Les portes du ciné Burkina, du ciné Kadiogo ou encore du ciné Sagnon sont toujours fermées, à l’instar de bien d’autres cinés de renom qui ont fait le bonheur de millions de cinéphiles à travers le pays. La Société nationale du cinéma burkinabè (SONACIB) chargée de la gestion desdites salles a été liquidée par l’Etat.

L’Association des auteurs, réalisateurs et producteurs africains (ARPA) venue à la rescousse en 2004, a mis la clé sous le paillasson en 2006. M. René Bakala, un ex-opérateur de la SONACIB, après 20 ans de service, affirme que le cinéma burkinabè ne sait jamais mal porté, avant de lancer : « Lors de la liquidation de la SONACIB, l’Etat a discuté avec les gens d’en haut (NDLR : les patrons.). Il n’a pas été suffisamment éclairé pour savoir que la vraie information se trouve en bas avec les agents ». Selon lui, les salles de cinéma auraient pu bien être gérées par les ex-agents de la SONACIB parce qu’ils ont les solutions de relance du cinéma burkinabè. L’Etat doit, confit-il, tout simplement revoir sa politique de gestion des salles.

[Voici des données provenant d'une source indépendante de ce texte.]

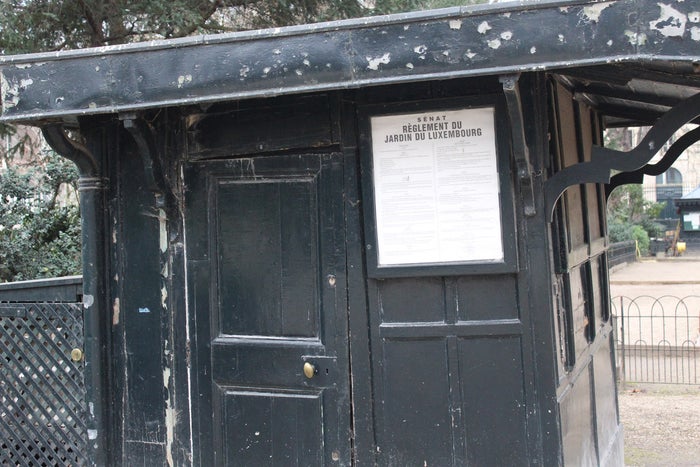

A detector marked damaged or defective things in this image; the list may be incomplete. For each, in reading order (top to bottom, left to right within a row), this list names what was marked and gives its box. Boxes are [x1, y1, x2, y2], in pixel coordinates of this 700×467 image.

peeling paint [580, 2, 612, 22]
peeling paint [652, 2, 688, 37]
peeling paint [366, 52, 394, 70]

M. Yacouba Kabré, lui aussi, un ex-opérateur de la SONACIB aujourd’hui gérant d’une salle de ciné à Koudougou embouche la même trompette. Les cinéphiles veulent voir des films à leur goût. Il déplore le fait que l’Etat continue d’empêcher le grand écran de projeter des films « supposés » violents et pornographiques au détriment de vidéo clubs non réglementaires. Selon lui, la commission de censure doit mettre une règlementation en vigueur. « Il suffit d’interdire l’accès aux salles au moins de 18 ans » , propose-t-il.

M. Bakala, quant à lui, ne manque pas d’image pour interpeller ladite commission de censure. « Le cinéma, c’est comme un bar où on interdit la vente de l’alcool. La fermeture de ce bar est inévitable », martèle-t-il. Les deux ex-agents de la SONACIB soutiennent que ce sont les salles de ciné qui payent les taxes, révèlent les films au grand public et font vivre les réalisateurs. Pour eux, cette mission est propre au grand écran et rien d’autre ne peut arracher au cinéma cette fonction. »A Hollywood ou au Festival de Cannes, on parle de films 35 mm et l’Etalon de Yennenga se gagne avec ce type de bande propre au cinéma », rappelle M . Bakala. Contrairement à ceux que beaucoup de gens pensent, les deux opérateurs restent convaincus que la prolifération des chaînes de télévision, des DVD, VCD et des salles de vidéo ne constituent en rien, une menace pour le grand écran.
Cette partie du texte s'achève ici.